Characterization of ecoanthropic aspects of the Canary Islands' beach-dunes systems as a key for their sustainable management
The tourism is the main economic activity of the Canary Islands, highlighting the "sun and beach" tourism. This mass tourism has been developed around coastal environments, and mainly around sandy systems. The results of three R&D+i (innovation) projects, developed over the past ten years by the research team that present this project (REN2003-05947, SEJ2007-64959 y CSO2010-18150), together with other R&D contract and some academic works, developed in the context of this research line, show how human activity has directly influenced some natural processes in major beach and dune systems of the Canary Islands, such as Maspalomas (Gran Canaria), Corralejo (Fuerteventura) and El Jable (Lanzarote), compromising the functioning of ecosystems and, with it, the survival of one of the main economic resources of the Canary Islands. As it has happened in other parts of the planet, urban development associated with tourism, as well as some equipment and services, and the development of certain activities carried out by users, have generated remarkable transformations in these sedimentary systems. This is due to the high fragility of these systems, due to the natural dynamic interaction of wind, sea and water. In this line, some of the latest research, mentioned above emphasize an issue that until now has not been studied, that regards the beach-dune systems of the Canary Islands: the arid climatic conditions in which they occur, induce greater natural fragility that similar systems have in other regions of the planet (temperate or tropical). In this context, anthropogenic alterations may generate changes in the whole sedimentary systems, sometimes causing irreversible deterioration. In this sense, there is a direct relationship between the intensity and duration of human pressure and the degree of deterioration of the systems. In the case of the Canary Islands, this pressure is maintained throughout the year, due to there are two large tourist seasons, in spring-summer and autumn-winter, being this latter one more relevant from the point of view of the human pressure. There is, therefore, no recovery period for coastal environments, as in the rest of the Spanish and European coasts. Finally, is known that these arid beaches and dunes systems have not been sufficiently studied worldwide, so there are few management background.

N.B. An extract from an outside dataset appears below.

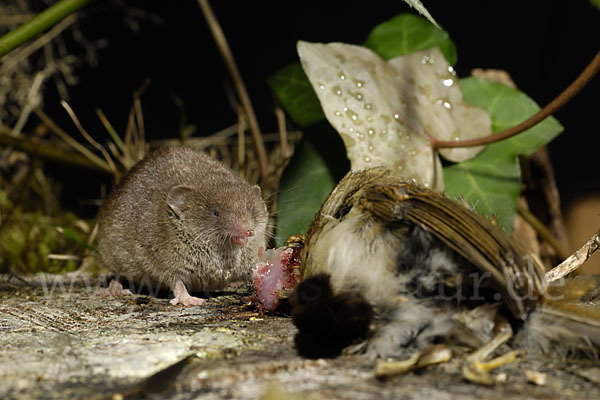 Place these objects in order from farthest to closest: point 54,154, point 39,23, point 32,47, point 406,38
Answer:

Therefore, the measures taken to manage these systems, are copies of those management actions carried out in other nearby systems, commonly at the Mediterranean coast. Given the above, it is necessary policies to promote tourism development in these coastal environments, but from a sustainable approach to ensure the survival of the natural systems that support them. Thus, the aim of this project project is to characterize some natural processes typical of these environments, analyze the influence of human activity on them, diagnose their condition and guide future management based on scientific criteria.